In the CD34⁺ model, myeloperoxidase (MPO) is observed from the onset, with levels increasing during the first 24 to 48 hr of induction with SCF and IL-3. Levels of MPO will then sharply increase upon G-CSF induction, and remain high until the end stages of neutrophil maturation, where levels begin to decrease. Neutrophil elastase is observed in myeloblasts and early promyelocytes, with levels remaining high throughout differentiation. By comparison, MPO is highly expressed in NB-4, HL-60, EPRO, and 32Dcl3 cells, with decreased expression in each cell line upon terminal differentiation. Lactoferrin is expressed in later stages of differentiation in CD34⁺ cells and lineage-depleted cells (day 6 to 7), but is rapidly upregulated in EPRO and MPRO in response to ATRA, in 32Dcl3 cells in response to G-CSF, and in SCF ER-Hoxb8 cells upon β-estradiol withdrawal (see Fig. 22F.5.4, and Subramanian et al, 2012, for additional expression results in EML/EPRO cells); no expression is observed in NB-4 or HL-60 cell lines. Changes in the expression of cell surface markers can vary in different cell lines/models. For example, Mac-1 is low or absent in all of the cell lines prior to induction, but increased expression should be rapidly observed during differentiation (see Fig. 22F.5.3, and Lawson et al., 1998b for additional results in EML/EPRO cells). By comparison, Gr-1 is essentially lacking in undifferentiated bone marrow progenitors and uninduced SCF ER-Hoxb8, but is upregulated as either model is induced toward mature neutrophils. EML cells also lack Gr-1 expression, and levels increase in EPRO cells, but expression does not significantly increase as they mature into neutrophils. Finally, F4/80 exhibits significant upregulation in models of macrophage differentiation.

Time Considerations

To induce differentiation with each cell line, an overnight incubation of cells diluted to 3–5 × 10⁵ cells/ml is required prior to the addition of inducing agents. The time to set up each induction process requires <1 hr, except in the case of 32Dcl3 cells, which requires two wash steps to remove IL-3 prior to G-CSF induction.
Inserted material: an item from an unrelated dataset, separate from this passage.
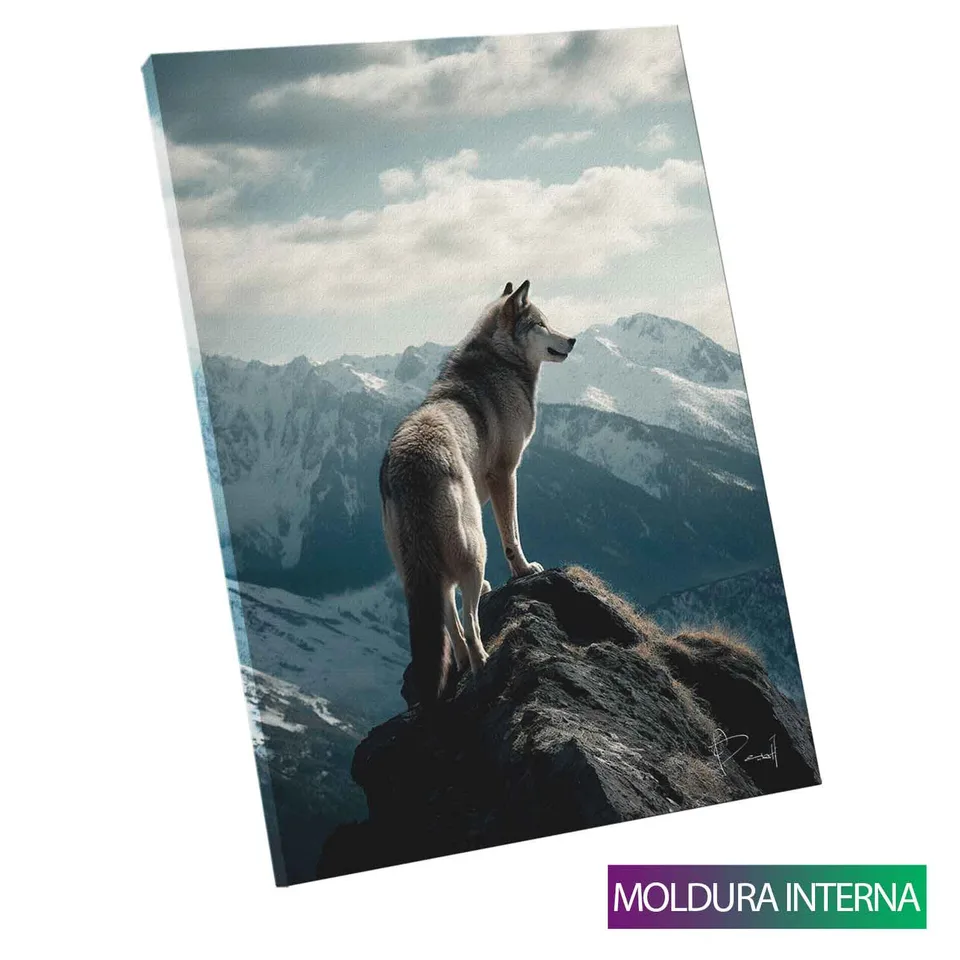 Quadro Lobo na Montanha — Moldura Interna, Médio 64x48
For cell surface analysis, the entire procedure takes ∼2 hr, not including the time for flow cytometry/cell imaging. Assessment of gene expression profiles by real time RT-PCR can be performed in 3 to 4 hr, but may require pilot experiments to optimize amplification protocols and primer designs, whereas northern blots can take up to 2 days to generate and analyze.